Variable triples vs. single quad card game. Who has the advantage?
By drawing a picture, you can get a really intuitive solution. Roughly speaking, yes you'll converge toward an equal probability of A and B winning in this game, and in any game where the following conditions hold (I've named them for convenience):
- Zero-sum. In every game, either A wins or B wins.
- Monotonicity The game gets harder for A whenever A wins, and easier whenever A loses.
- Straddling. There's a difficulty level where A wins with probability no less than ½, and a difficulty level where A wins with probability no more than ½.

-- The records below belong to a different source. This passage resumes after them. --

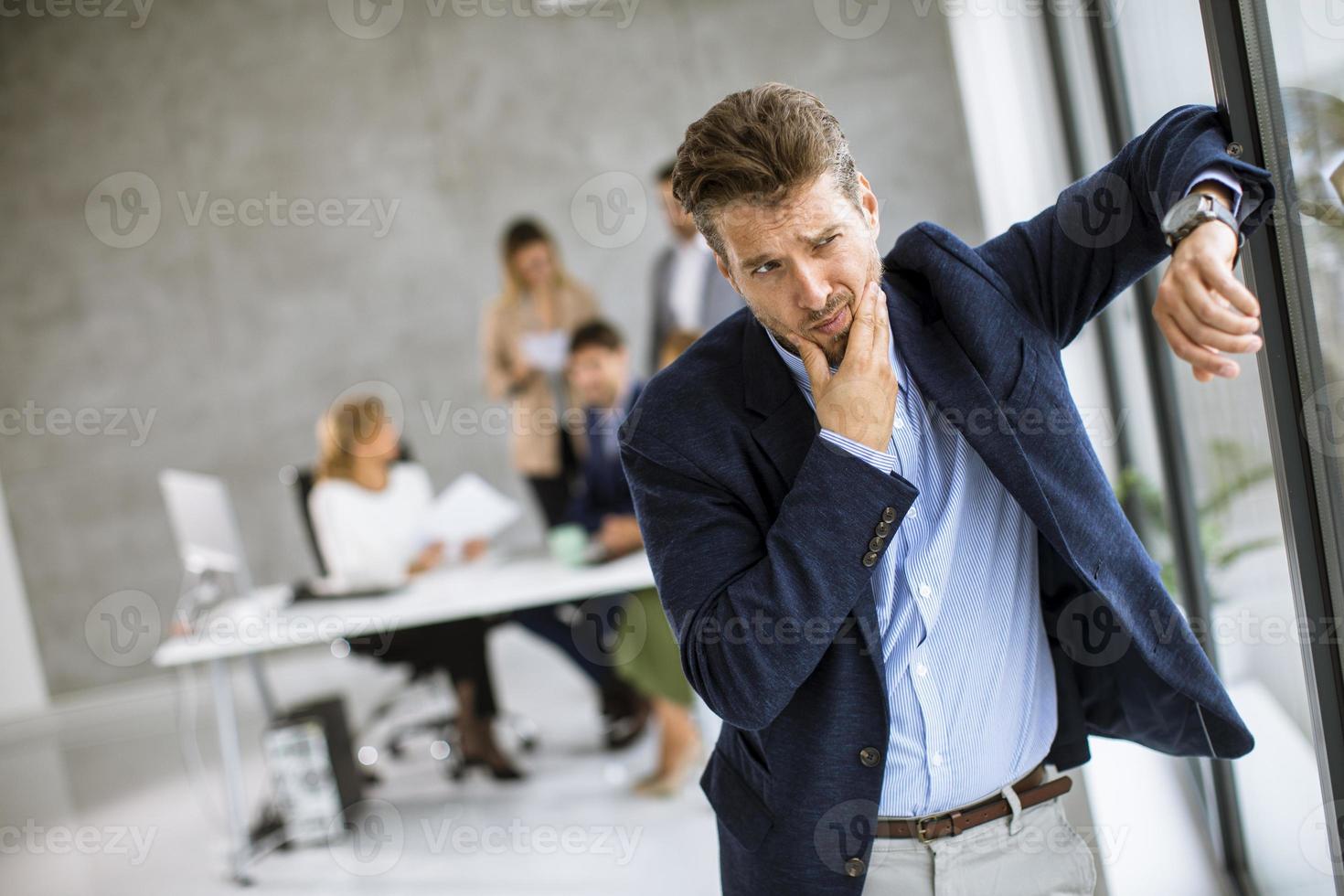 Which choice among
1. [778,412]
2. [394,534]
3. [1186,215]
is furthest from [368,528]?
[1186,215]

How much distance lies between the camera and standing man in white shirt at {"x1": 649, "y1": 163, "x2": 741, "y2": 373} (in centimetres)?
427

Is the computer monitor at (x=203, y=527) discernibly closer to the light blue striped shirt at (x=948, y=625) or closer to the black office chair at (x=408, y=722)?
the black office chair at (x=408, y=722)

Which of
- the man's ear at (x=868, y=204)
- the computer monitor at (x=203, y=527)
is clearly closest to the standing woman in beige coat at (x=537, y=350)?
the computer monitor at (x=203, y=527)

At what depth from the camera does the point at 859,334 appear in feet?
3.78

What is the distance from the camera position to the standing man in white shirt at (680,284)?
4.27 meters

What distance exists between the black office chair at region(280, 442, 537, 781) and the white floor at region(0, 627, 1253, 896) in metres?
0.09

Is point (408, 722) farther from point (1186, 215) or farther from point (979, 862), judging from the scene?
point (1186, 215)

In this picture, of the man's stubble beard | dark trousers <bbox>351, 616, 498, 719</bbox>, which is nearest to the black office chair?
dark trousers <bbox>351, 616, 498, 719</bbox>

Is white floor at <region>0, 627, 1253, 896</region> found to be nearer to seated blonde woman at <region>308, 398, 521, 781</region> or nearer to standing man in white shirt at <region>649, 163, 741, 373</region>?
seated blonde woman at <region>308, 398, 521, 781</region>

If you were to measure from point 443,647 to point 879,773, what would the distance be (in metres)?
3.50

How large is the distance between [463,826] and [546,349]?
2.20 metres

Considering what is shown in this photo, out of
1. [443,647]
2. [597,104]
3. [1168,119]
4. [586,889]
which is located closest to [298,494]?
[443,647]

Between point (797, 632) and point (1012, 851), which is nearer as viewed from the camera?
point (797, 632)

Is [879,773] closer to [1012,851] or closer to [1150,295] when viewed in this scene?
[1012,851] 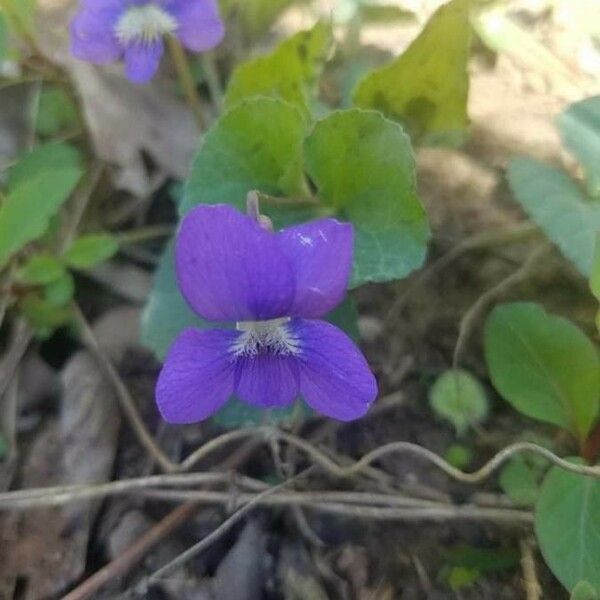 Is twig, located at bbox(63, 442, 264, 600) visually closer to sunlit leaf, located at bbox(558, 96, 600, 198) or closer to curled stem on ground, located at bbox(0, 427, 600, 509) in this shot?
curled stem on ground, located at bbox(0, 427, 600, 509)

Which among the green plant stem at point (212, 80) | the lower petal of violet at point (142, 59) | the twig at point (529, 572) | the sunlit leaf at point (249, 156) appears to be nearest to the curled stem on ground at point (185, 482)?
the twig at point (529, 572)

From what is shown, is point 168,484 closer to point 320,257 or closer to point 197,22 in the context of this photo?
point 320,257

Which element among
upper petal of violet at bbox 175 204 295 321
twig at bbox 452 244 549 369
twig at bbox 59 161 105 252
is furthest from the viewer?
twig at bbox 59 161 105 252

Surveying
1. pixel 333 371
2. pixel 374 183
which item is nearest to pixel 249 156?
pixel 374 183

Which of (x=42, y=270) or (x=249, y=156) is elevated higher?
(x=249, y=156)

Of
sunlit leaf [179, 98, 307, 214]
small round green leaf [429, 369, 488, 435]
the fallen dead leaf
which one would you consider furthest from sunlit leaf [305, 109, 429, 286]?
the fallen dead leaf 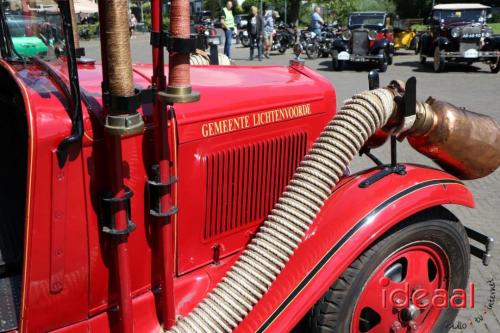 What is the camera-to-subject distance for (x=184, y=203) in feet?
6.91

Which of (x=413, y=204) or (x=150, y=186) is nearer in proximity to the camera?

I like to think of the game as being played like this: A and B shuffle the deck fairly, then spread out all the cards in order and see whether A or B would have won if they had drawn the cards one-by-one. Every time they shuffle the deck, there is a clear winner— either A or B. (There is never a case where they both win, for example.)

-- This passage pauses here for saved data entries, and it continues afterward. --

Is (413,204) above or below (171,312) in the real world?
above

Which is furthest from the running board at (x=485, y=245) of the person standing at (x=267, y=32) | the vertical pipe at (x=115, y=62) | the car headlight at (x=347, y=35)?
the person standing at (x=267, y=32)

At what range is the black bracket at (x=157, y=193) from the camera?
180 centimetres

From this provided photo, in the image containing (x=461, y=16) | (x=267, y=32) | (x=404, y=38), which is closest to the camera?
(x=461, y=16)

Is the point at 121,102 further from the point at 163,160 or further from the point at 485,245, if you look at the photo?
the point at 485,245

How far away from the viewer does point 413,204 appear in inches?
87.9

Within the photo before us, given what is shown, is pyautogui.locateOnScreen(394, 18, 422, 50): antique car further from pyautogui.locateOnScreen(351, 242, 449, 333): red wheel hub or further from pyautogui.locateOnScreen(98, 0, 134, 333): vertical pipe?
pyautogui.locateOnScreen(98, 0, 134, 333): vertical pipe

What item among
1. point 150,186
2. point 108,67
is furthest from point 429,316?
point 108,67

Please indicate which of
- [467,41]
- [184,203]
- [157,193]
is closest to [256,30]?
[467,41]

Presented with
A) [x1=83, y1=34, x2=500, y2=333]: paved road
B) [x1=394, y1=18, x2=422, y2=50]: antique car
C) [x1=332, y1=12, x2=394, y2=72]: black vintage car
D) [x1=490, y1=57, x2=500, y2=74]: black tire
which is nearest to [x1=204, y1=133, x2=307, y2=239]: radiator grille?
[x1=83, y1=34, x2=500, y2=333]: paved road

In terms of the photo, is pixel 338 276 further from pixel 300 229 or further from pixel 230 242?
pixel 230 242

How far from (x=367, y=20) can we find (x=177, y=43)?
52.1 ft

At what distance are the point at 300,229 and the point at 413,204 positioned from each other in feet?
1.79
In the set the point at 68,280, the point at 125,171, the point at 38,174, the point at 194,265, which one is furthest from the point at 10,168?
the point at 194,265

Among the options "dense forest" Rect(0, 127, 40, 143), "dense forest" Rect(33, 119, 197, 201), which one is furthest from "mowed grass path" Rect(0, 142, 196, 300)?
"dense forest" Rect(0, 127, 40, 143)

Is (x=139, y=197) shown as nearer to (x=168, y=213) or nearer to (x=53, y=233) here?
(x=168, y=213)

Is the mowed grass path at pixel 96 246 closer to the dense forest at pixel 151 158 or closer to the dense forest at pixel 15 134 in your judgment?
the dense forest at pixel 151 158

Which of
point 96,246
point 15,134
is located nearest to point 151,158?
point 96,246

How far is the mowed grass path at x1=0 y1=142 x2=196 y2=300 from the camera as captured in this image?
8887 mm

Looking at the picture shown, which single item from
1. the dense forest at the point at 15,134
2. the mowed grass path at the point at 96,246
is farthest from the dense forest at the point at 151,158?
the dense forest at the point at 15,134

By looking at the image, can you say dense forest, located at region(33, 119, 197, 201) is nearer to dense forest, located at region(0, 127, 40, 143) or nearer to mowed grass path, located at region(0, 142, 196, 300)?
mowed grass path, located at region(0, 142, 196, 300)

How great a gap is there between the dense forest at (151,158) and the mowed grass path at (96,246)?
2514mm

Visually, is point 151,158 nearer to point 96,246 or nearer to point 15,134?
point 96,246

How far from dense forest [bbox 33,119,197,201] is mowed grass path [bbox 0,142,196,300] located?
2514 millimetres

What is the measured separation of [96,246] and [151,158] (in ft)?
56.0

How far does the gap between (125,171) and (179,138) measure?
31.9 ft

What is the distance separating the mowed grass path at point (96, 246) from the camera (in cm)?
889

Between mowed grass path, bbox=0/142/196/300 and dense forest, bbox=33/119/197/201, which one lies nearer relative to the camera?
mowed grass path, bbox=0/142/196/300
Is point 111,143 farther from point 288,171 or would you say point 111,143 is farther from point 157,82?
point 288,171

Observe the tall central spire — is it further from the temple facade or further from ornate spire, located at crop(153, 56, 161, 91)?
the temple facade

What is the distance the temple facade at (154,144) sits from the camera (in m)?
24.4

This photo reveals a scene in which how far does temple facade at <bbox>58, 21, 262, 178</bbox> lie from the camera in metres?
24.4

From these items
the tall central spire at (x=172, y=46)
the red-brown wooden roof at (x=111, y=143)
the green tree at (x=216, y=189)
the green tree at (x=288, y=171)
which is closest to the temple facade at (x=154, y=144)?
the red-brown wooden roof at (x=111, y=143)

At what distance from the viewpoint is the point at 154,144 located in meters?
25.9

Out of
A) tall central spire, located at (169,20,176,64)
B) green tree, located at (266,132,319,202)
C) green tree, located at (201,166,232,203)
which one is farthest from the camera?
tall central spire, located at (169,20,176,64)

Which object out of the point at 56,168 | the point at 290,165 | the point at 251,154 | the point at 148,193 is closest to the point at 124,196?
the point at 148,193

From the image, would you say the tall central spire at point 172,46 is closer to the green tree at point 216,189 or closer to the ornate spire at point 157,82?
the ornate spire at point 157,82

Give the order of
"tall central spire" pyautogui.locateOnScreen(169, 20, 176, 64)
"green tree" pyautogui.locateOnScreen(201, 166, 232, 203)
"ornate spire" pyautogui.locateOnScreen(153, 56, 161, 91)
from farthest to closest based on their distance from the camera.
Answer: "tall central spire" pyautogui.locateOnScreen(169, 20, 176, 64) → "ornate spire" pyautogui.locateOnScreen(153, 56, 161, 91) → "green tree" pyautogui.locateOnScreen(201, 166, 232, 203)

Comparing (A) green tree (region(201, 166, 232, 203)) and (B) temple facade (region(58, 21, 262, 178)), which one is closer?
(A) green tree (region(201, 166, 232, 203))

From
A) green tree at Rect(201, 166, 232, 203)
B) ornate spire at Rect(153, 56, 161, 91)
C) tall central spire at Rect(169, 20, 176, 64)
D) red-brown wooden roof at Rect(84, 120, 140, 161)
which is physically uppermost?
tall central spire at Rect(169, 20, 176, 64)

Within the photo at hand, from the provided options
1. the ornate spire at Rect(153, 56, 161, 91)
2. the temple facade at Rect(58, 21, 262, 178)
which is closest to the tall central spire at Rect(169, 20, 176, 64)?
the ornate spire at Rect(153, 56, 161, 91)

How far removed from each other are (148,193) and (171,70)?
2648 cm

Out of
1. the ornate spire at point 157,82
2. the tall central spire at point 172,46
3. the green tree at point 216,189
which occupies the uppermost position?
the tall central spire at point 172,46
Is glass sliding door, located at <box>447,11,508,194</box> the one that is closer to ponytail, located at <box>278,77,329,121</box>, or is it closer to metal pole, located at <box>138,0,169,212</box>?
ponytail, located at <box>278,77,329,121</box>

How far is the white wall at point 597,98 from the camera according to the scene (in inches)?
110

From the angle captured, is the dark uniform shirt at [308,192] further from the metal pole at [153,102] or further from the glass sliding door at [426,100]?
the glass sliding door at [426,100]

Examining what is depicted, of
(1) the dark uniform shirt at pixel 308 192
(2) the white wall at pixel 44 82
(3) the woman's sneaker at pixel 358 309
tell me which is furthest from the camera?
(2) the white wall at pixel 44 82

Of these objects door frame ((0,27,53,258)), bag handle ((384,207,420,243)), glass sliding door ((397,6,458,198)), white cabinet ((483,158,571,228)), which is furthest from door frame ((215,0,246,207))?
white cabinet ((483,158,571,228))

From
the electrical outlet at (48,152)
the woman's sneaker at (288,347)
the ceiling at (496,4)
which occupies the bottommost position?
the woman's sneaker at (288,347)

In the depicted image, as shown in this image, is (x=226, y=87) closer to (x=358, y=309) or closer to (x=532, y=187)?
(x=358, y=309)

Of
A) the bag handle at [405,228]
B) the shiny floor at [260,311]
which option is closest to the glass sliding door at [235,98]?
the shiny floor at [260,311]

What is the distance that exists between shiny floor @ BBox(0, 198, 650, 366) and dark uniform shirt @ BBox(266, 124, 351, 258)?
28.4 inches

Let $n$ denote the game's current difficulty level for $A$, meaning the number of triples that $A$ must obtain in order to win. Let $p_n$ be the probability that when the deck is fairly-shuffled, the result yields a win for A— a deck where A will find $n$ triples before B finds a single quad.
Of course, the more difficult the game, the harder it is for $A$ to win: $p_1 > p_2 > p_3 > \ldots \geq 0 $. (This is true because every deck that's a win for A at some certain high level of difficulty is also a win for A with respect to each lower level of difficulty— the win conditions are nested.)

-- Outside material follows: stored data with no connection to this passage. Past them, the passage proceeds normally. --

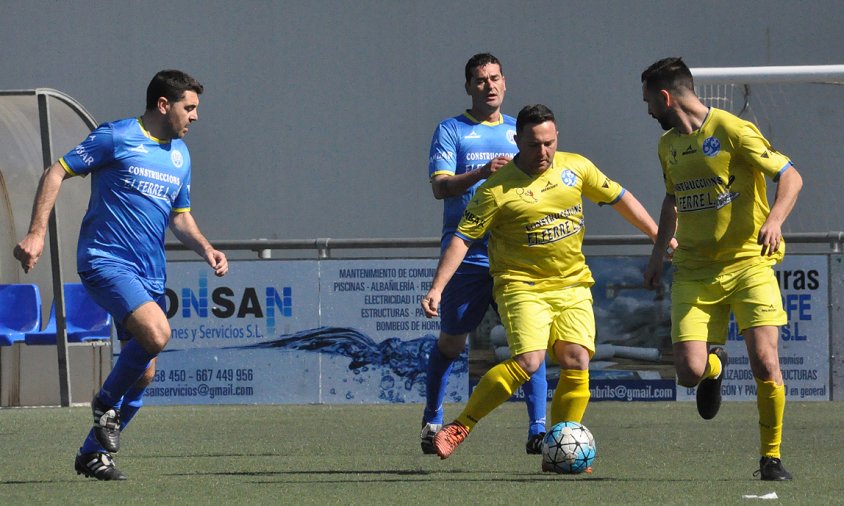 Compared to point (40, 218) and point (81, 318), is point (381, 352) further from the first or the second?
point (40, 218)

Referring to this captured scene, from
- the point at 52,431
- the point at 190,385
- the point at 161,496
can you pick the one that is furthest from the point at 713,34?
the point at 161,496

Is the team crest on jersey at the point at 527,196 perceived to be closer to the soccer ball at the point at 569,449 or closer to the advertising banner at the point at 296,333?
the soccer ball at the point at 569,449

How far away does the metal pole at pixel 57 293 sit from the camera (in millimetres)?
13727

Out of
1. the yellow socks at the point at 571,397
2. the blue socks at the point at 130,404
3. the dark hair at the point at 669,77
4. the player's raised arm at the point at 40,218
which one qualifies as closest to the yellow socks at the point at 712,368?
the yellow socks at the point at 571,397

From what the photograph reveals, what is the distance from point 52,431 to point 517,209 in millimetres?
4640

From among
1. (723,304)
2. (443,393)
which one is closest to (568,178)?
(723,304)

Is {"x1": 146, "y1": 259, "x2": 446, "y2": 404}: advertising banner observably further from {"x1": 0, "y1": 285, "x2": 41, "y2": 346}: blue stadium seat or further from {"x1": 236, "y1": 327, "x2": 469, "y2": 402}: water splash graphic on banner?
{"x1": 0, "y1": 285, "x2": 41, "y2": 346}: blue stadium seat

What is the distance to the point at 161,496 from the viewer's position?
20.8 feet

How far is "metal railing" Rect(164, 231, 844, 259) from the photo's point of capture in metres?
13.4

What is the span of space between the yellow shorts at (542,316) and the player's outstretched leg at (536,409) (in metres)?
0.89

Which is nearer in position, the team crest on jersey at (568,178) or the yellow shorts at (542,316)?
the yellow shorts at (542,316)

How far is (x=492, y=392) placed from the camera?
700 centimetres

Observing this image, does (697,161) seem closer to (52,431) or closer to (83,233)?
(83,233)

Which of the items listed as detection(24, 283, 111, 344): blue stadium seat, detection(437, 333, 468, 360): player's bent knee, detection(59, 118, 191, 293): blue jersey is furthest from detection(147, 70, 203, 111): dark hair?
detection(24, 283, 111, 344): blue stadium seat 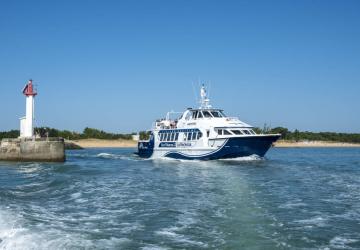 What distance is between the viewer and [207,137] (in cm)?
4075

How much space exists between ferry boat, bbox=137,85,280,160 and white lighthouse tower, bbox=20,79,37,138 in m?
12.8

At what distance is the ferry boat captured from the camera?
39094 mm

And we know that $p_1 = 1$, because A will always find a single triple before B finds a single quad. We also know that A can never win when $n=14$ because there simply aren't that many triples in the deck—we have that $p_{14} = 0$
Now we can draw an abstract diagram of the game possibilities which looks sort of like this:
There is a node for each of the difficulty levels $n=1, 2, 3, $ and so on. Each node represents the game played at a different difficulty level for A. There is an arrow from each node to the one after it, representing the fact that the game can get more difficult if A wins. There is an arrow from each node to the one before it, representing the fact that the game can get easier if A loses. (As a special case, there is an arrow from $n=1$ to itself since we don't let the game get easier than that.)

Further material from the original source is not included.